# Understand actual insurance cost and coverage



## MiataDriver (Aug 9, 2018)

Folks, 

Wanted to reach out for some feedback & thoughts around auto insurance coverage. We think TNC insurance is being wildly overpriced in many places & the distribution of the cost of the risks is not equitable - that is the riskier profiles are paying more for it & thereby most of us get overcharged on insurance premiums.

We are conducting a study to compare actual insurance costs for Uber/Lyft drivers vs their actual risk exposure. Our understanding of risk is the most comprehensive - we are using actual accident data, accident locations, geolocations, real-time traffic conditions, routes, weather conditions - to accurately understand the risk exposure for every driver in realtime.

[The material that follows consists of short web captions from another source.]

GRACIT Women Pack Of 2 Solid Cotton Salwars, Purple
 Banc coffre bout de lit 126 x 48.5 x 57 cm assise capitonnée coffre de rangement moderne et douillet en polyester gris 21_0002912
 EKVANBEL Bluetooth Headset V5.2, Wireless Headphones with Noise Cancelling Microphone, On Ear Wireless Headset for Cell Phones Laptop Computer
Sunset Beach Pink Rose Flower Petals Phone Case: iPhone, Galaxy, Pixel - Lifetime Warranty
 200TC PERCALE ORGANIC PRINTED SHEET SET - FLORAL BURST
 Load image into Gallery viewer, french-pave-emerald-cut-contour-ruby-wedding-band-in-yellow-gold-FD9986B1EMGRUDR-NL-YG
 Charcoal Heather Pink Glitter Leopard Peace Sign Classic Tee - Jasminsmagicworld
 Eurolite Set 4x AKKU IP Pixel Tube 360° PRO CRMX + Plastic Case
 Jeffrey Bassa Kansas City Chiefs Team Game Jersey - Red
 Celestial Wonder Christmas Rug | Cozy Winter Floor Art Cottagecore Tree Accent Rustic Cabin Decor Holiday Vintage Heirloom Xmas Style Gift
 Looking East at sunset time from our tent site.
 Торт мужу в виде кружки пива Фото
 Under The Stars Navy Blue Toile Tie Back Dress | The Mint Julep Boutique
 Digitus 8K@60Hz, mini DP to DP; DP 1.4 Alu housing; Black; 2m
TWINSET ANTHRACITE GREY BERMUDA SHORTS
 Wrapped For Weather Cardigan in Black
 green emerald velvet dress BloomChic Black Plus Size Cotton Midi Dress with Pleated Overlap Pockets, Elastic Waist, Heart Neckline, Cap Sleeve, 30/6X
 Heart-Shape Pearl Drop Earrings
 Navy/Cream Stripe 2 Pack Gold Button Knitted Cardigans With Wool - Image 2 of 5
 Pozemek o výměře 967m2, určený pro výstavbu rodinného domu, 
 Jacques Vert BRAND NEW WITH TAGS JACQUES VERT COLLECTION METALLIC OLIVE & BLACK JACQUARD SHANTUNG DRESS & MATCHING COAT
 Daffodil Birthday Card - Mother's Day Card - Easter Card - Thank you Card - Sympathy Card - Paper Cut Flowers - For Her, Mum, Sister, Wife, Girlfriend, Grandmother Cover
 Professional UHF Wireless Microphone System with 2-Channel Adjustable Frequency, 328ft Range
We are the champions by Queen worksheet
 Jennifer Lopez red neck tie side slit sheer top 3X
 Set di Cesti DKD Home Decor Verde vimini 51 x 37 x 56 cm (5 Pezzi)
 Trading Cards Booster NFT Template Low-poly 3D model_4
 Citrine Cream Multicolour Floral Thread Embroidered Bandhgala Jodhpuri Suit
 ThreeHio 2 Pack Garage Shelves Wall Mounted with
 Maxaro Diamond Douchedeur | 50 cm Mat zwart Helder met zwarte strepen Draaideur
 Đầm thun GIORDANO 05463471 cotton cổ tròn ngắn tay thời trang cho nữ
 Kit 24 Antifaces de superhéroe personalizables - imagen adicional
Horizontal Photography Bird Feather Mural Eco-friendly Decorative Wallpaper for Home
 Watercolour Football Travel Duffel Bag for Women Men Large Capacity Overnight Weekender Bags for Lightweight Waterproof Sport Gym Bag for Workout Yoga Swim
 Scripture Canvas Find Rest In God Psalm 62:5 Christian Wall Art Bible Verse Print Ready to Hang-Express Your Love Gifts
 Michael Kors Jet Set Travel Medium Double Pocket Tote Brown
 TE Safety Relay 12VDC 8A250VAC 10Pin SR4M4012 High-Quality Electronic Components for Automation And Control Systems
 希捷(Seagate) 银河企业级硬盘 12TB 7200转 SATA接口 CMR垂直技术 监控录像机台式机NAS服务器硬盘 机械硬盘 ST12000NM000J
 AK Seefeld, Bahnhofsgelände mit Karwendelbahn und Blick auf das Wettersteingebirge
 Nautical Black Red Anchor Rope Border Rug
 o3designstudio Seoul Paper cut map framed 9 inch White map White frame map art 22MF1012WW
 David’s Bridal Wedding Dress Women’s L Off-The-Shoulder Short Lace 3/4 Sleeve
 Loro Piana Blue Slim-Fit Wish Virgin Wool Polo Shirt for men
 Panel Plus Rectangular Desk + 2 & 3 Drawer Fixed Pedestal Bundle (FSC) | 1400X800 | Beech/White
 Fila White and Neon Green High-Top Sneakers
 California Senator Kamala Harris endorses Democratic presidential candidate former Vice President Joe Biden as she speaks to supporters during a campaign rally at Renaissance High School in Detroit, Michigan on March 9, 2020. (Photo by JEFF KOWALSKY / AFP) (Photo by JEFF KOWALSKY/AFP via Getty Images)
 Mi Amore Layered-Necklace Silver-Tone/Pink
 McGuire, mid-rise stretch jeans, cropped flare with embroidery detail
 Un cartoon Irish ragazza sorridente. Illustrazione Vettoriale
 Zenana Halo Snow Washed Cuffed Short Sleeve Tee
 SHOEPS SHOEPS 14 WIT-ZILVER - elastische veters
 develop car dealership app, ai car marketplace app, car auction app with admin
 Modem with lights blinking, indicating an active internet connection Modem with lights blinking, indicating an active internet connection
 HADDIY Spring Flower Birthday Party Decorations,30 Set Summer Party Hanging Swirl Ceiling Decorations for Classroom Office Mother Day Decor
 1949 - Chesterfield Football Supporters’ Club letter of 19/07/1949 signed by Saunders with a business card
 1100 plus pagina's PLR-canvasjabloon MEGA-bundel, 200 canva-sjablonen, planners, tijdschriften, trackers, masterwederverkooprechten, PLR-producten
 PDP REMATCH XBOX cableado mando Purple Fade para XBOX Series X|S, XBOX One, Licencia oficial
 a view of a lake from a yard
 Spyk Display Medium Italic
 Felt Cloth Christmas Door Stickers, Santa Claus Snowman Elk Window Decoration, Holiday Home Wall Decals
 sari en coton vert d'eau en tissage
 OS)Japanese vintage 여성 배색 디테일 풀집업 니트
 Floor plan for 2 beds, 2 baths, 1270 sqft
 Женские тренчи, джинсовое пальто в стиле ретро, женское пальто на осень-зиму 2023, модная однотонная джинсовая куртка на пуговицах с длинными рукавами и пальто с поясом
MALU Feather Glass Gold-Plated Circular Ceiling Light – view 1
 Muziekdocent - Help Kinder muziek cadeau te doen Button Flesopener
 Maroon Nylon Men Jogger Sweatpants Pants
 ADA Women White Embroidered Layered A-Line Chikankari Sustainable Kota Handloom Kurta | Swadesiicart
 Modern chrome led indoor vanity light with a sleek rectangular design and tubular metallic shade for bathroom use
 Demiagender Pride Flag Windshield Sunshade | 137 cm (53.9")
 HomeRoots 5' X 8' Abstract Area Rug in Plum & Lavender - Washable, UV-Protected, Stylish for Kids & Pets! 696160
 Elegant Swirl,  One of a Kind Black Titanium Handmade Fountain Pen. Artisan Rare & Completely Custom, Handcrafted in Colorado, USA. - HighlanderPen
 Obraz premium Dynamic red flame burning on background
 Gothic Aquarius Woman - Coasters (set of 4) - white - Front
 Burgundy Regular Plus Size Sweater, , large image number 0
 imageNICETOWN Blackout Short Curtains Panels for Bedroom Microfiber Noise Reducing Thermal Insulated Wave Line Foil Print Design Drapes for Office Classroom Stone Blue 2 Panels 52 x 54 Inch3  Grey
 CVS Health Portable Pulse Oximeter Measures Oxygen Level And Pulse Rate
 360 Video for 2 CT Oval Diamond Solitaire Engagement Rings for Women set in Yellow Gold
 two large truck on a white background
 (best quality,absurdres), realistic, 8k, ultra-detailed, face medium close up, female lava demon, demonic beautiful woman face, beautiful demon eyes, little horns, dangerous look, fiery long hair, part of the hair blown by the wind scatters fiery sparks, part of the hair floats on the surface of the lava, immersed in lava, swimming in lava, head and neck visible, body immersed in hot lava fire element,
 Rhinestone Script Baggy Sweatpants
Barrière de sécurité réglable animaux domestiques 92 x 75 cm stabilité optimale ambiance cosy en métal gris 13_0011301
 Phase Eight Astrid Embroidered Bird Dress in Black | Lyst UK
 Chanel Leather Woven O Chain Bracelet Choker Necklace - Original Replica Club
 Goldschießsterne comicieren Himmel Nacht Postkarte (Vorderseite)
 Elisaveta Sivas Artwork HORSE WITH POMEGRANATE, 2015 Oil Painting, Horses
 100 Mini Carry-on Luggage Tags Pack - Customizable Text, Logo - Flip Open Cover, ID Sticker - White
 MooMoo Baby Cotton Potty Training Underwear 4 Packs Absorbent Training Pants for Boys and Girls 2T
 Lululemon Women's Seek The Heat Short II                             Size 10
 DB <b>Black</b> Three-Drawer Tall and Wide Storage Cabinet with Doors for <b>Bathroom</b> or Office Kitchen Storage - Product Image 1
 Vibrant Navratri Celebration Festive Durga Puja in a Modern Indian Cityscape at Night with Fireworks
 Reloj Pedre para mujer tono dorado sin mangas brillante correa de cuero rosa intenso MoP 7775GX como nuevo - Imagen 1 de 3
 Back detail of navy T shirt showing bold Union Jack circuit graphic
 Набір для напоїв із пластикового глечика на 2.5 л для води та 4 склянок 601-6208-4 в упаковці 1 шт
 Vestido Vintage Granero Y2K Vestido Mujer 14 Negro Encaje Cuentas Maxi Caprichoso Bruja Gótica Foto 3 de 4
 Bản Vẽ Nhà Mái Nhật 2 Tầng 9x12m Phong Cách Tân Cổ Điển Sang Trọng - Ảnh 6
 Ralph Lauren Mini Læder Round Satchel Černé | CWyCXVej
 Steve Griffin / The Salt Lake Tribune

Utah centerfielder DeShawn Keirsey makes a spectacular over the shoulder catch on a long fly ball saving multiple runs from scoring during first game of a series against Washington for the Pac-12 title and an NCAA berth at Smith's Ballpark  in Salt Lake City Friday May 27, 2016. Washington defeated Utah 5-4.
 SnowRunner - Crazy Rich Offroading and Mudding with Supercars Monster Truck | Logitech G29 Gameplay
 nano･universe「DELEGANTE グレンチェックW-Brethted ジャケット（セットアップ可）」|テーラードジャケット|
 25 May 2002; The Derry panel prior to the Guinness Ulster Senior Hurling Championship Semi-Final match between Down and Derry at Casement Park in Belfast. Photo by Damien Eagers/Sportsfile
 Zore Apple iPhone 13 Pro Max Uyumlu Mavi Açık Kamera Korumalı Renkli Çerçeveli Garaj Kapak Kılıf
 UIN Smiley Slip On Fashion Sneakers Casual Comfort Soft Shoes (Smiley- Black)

The purpose of the study is : 

1) Inform drivers - what is the fair price insurance premium for a particular, so we can compare - how well the auto insurance industry is charging the drivers.

2) Suggest optimum coverage level for each driver based on their accident risk & assets/cash flow.

Curious if this study be interesting to you guys ? Would you be interested in testing the application & understanding your fair price auto insurance premium ?

Thanks


----------



## Uber Dog (Aug 17, 2018)

quick answer - uber sucks big time

runaway now while you can

insurance is fake

no rental car

no lost wages

lost more money than any company in us history


----------